GET my_index/my_type/_mapping

{
  "my_index": {
    "mappings": {
      "my_type": {
        "properties": {
          "lists": {
            "properties": {
              "job": {
                "type": "text",
                "fields": {
                  "keyword": {
                    "type": "keyword",
                    "ignore_above": 256
                  }
                }
              },
              "name": {
                "type": "text",
                "fields": {
                  "keyword": {
                    "type": "keyword",
                    "ignore_above": 256
                  }
                }
              }
            }
          }
        }
      }
    }
  }
}

直接搜索也是支持的：

GET my_index/my_type/_search
{
  "query": {
    "term": {
      "lists.name": {
        "value": "xpleaf"
      }
    }
  }
}

返回结果：

{
  "took": 0,
  "timed_out": false,
  "_shards": {
    "total": 5,
    "successful": 5,
    "failed": 0
  },
  "hits": {
    "total": 1,
    "max_score": 0.2876821,
    "hits": [
      {
        "_index": "my_index",
        "_type": "my_type",
        "_id": "1",
        "_score": 0.2876821,
        "_source": {
          "lists": [
            {
              "name": "xpleaf",
              "job": "es"
            }
          ]
        }
      }
    ]
  }
}

3.1.9 object

可以直接将一个json对象写入es中，如下：

DELETE my_index

PUT my_index/my_type/1
{
  "object":{
    "name":"xpleaf",
    "job":"es"
  }
}

其实际上该字段的类型就会被动态映射为text：

{
  "my_index": {
    "mappings": {
      "my_type": {
        "properties": {
          "object": {
            "properties": {
              "job": {
                "type": "text",
                "fields": {
                  "keyword": {
                    "type": "keyword",
                    "ignore_above": 256
                  }
                }
              },
              "name": {
                "type": "text",
                "fields": {
                  "keyword": {
                    "type": "keyword",
                    "ignore_above": 256
                  }
                }
              }
            }
          }
        }
      }
    }
  }
}

直接搜索也是可以的：

GET my_index/my_type/_search
{
  "query": {
    "term": {
      "object.name": {
        "value": "xpleaf"
      }
    }
  }
}

返回结果：

{
  "took": 0,
  "timed_out": false,
  "_shards": {
    "total": 5,
    "successful": 5,
    "failed": 0
  },
  "hits": {
    "total": 1,
    "max_score": 0.2876821,
    "hits": [
      {
        "_index": "my_index",
        "_type": "my_type",
        "_id": "1",
        "_score": 0.2876821,
        "_source": {
          "object": {
            "name": "xpleaf",
            "job": "es"
          }
        }
      }
    ]
  }
}

object对象，实际上在es内部会被扁平化处理，如上面的，在es中实际为：

{"object.name":"xpleaf", "object.job":"es"}

3.1.10 nested

nested类型是object类型中的一个特例，可以让对象数组独立索引和查询。Lucene没有内部对象的概念，所以es将对象层次扁平化，转化成字段名字和值构成的简单列表。

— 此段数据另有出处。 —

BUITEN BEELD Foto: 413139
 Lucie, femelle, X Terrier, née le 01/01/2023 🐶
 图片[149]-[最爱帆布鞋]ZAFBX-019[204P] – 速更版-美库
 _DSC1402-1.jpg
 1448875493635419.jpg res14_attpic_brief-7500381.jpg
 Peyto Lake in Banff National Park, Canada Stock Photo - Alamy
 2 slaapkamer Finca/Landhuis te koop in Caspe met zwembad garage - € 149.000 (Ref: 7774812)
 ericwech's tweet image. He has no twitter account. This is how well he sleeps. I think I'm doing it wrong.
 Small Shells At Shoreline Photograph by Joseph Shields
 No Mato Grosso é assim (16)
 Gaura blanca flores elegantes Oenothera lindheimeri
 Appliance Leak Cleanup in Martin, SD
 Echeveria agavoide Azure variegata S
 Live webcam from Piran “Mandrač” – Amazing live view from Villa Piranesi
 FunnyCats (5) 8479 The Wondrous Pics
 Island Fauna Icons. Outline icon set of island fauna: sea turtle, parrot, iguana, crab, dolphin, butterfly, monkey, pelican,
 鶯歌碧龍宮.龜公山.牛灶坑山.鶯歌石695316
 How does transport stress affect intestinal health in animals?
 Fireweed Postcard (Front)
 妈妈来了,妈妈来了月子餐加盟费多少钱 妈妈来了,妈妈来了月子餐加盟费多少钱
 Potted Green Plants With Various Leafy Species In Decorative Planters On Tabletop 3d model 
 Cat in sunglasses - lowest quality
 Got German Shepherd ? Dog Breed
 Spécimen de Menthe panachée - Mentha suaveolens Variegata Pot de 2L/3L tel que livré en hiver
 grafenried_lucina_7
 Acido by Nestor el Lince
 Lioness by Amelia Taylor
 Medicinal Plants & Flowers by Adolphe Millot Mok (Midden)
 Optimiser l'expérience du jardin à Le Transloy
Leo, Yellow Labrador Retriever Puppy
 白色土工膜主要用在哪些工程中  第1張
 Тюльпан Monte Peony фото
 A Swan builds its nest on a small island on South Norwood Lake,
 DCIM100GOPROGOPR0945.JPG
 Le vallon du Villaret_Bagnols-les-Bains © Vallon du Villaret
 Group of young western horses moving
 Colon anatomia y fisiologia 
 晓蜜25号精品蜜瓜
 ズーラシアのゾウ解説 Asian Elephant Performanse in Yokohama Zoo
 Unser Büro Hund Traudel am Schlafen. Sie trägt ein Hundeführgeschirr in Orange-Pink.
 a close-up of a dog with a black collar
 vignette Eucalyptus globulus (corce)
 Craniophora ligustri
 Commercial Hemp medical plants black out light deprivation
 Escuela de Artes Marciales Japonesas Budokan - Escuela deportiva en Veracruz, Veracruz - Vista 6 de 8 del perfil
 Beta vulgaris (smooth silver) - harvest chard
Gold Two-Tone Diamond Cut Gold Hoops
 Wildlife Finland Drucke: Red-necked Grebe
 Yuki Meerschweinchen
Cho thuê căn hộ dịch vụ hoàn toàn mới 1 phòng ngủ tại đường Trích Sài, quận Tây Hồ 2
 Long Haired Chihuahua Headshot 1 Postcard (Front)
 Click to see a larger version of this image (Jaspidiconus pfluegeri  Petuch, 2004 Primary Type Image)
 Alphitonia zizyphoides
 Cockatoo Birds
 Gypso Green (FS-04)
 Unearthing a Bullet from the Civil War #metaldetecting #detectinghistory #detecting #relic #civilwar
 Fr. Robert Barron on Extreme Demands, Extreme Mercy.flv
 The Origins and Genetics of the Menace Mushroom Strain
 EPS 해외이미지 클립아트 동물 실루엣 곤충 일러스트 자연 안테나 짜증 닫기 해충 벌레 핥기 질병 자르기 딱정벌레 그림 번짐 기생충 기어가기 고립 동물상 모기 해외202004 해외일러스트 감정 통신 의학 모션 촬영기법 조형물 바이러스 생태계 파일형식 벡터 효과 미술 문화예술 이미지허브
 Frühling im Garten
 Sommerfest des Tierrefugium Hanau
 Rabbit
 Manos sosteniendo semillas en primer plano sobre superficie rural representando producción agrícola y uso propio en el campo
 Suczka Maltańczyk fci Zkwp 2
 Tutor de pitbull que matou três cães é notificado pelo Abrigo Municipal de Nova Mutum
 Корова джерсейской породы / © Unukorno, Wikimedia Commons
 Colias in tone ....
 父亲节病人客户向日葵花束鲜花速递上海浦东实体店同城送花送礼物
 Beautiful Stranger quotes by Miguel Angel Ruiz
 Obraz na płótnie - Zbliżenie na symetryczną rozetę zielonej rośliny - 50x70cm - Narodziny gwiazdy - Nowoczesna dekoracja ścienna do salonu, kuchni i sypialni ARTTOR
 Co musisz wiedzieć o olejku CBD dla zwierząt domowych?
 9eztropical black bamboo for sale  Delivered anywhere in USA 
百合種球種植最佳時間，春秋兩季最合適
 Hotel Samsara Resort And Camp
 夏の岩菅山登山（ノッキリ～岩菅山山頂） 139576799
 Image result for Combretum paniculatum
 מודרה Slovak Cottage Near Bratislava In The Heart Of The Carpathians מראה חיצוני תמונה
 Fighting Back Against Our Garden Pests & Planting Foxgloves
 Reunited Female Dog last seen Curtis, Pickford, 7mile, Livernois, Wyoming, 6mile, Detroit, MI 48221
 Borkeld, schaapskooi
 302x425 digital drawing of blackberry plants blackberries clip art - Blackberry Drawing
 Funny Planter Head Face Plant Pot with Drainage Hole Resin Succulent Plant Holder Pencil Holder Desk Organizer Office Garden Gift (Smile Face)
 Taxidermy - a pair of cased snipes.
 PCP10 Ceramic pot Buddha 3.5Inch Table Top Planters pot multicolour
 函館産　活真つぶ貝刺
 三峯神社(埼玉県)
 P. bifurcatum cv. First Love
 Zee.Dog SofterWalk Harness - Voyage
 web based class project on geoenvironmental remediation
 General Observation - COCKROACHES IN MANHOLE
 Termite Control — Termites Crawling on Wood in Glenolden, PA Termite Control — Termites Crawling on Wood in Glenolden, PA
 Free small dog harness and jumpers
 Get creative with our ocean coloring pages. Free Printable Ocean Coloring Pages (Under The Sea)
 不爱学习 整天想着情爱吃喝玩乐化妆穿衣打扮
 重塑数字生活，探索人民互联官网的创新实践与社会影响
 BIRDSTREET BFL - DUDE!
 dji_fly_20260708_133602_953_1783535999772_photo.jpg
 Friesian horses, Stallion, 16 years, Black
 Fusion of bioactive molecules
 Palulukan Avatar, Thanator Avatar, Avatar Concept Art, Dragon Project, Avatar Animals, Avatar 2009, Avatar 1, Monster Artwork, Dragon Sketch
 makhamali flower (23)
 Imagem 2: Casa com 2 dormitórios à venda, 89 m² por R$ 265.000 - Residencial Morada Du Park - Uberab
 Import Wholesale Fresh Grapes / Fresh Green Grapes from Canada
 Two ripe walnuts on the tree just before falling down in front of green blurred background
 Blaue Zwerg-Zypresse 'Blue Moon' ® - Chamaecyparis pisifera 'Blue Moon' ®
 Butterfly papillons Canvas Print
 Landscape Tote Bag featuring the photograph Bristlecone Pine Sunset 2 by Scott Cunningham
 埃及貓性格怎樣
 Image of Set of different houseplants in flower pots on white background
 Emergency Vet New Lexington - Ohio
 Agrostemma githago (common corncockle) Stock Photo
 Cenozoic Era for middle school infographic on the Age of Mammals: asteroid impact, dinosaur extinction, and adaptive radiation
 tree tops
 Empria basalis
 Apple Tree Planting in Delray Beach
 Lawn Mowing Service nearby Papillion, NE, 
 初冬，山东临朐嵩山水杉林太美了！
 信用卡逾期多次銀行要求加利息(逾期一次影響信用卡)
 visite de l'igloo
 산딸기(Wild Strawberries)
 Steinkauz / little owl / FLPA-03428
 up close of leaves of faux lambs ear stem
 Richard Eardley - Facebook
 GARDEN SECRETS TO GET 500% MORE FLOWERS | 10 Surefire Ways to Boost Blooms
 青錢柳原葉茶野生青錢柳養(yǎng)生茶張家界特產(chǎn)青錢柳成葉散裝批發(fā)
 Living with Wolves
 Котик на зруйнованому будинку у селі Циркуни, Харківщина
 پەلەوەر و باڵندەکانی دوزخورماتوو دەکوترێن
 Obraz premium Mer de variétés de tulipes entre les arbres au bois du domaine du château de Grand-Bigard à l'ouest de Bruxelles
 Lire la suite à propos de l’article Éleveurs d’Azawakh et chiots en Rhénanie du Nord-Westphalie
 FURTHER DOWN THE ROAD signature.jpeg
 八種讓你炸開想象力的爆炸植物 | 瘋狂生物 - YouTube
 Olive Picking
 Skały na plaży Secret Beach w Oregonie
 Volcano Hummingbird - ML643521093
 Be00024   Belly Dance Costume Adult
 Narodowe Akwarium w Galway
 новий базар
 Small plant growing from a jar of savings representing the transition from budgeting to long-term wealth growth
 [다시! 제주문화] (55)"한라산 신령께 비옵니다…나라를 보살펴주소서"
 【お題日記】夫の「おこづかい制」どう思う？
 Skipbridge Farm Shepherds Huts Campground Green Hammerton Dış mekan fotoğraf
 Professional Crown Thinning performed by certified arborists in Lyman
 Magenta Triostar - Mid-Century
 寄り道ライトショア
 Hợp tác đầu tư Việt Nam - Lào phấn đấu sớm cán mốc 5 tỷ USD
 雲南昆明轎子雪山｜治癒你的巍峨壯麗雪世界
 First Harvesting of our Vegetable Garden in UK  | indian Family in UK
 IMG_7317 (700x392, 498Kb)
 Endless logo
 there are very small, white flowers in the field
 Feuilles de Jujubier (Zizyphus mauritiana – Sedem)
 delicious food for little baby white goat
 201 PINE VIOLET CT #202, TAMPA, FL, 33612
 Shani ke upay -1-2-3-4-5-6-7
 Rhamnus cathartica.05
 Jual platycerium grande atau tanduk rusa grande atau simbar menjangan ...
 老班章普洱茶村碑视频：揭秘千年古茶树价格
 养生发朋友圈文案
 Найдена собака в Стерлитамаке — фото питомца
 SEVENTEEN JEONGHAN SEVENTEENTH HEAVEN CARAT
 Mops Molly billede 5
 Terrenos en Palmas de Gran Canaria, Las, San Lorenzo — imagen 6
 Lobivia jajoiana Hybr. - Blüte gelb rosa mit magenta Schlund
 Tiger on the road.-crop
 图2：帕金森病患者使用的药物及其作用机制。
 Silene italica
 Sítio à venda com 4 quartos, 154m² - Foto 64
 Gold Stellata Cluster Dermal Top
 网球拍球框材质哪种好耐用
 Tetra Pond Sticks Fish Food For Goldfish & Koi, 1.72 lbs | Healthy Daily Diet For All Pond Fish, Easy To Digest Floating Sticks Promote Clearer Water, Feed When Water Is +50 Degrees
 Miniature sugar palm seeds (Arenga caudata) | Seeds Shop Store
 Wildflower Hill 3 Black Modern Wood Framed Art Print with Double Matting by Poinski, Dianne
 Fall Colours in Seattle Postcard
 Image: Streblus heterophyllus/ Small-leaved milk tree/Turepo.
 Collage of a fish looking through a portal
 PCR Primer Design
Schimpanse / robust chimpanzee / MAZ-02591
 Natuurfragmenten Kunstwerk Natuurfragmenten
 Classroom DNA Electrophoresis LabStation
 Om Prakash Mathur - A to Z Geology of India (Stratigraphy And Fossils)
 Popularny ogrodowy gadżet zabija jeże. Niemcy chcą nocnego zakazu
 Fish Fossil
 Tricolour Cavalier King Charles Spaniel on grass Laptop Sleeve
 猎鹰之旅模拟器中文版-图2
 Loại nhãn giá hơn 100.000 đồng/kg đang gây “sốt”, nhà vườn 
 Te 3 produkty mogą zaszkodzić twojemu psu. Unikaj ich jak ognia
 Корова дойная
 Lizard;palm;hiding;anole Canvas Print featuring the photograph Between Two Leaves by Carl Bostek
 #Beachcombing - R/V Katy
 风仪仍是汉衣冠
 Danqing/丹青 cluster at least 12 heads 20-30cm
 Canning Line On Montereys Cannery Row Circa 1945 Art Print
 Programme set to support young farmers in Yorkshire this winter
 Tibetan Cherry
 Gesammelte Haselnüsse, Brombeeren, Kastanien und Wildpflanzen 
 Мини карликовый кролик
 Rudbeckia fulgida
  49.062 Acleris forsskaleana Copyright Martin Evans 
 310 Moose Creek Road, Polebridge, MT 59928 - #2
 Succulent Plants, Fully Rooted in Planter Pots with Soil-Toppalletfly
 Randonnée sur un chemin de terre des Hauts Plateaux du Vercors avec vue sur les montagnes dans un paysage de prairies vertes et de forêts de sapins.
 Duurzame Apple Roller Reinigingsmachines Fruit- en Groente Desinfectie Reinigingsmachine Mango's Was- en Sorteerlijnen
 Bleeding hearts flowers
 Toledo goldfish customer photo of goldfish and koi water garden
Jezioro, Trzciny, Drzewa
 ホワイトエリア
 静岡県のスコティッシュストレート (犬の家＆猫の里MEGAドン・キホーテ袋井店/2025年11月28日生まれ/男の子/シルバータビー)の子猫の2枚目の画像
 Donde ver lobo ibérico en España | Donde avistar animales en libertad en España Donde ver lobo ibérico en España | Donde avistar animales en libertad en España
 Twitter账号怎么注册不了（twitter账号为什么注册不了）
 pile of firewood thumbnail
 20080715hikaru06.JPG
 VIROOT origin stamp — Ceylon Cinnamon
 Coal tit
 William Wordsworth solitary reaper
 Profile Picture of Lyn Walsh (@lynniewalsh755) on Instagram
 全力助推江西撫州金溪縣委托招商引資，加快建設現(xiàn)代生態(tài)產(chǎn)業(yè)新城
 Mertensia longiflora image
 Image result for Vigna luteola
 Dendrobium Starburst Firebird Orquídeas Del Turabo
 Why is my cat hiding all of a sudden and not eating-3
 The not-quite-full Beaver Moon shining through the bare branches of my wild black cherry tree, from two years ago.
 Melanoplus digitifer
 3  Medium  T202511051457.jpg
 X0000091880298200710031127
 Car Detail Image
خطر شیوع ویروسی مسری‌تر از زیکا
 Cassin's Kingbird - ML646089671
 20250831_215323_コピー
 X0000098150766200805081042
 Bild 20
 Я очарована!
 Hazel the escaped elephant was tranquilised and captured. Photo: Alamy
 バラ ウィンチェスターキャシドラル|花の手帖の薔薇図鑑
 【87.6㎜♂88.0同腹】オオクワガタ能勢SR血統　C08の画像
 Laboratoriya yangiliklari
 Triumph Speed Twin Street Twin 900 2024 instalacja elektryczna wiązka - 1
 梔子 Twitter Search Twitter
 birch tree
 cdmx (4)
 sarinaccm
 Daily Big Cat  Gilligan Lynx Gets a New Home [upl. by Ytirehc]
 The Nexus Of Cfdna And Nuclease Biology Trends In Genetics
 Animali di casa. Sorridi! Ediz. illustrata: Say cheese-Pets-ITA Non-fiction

虽然是object类型中的一个特例，但是其字段的type是固定的，也就是nested，这是与object的最大不同。

那么为什么要使用nested类型呢，使用object不就可以了吗？这里贴一下官方提供的一个例子来进行说明（https://www.elastic.co/guide/en/elasticsearch/reference/5.6/nested.html）：

Arrays of inner object fields do not work the way you may expect. Lucene has no concept of inner objects, so Elasticsearch flattens object hierarchies into a simple list of field names and values. For instance, the following document:

PUT my_index/my_type/1
{
  "group" : "fans",
  "user" : [ 
    {
      "first" : "John",
      "last" :  "Smith"
    },
    {
      "first" : "Alice",
      "last" :  "White"
    }
  ]
}

would be transformed internally into a document that looks more like this:

{
  "group" :        "fans",
  "user.first" : [ "alice", "john" ],
  "user.last" :  [ "smith", "white" ]
}

The user.first and user.last fields are flattened into multi-value fields, and the association between alice and white is lost. This document would incorrectly match a query for alice AND smith:

GET my_index/_search
{
  "query": {
    "bool": {
      "must": [
        { "match": { "user.first": "Alice" }},
        { "match": { "user.last":  "Smith" }}
      ]
    }
  }
}

上面是直接使用object而导致的问题，也就是说实际上进行上面的搜索时，该文档是不应该被匹配出来的，但是确匹配出来了。使用nested对象类型就可以保持数组中每个对象的独立性，nested类型将数组中每个对象作为独立隐藏文档来索引，这意味着每个嵌套对象都可以独立被搜索。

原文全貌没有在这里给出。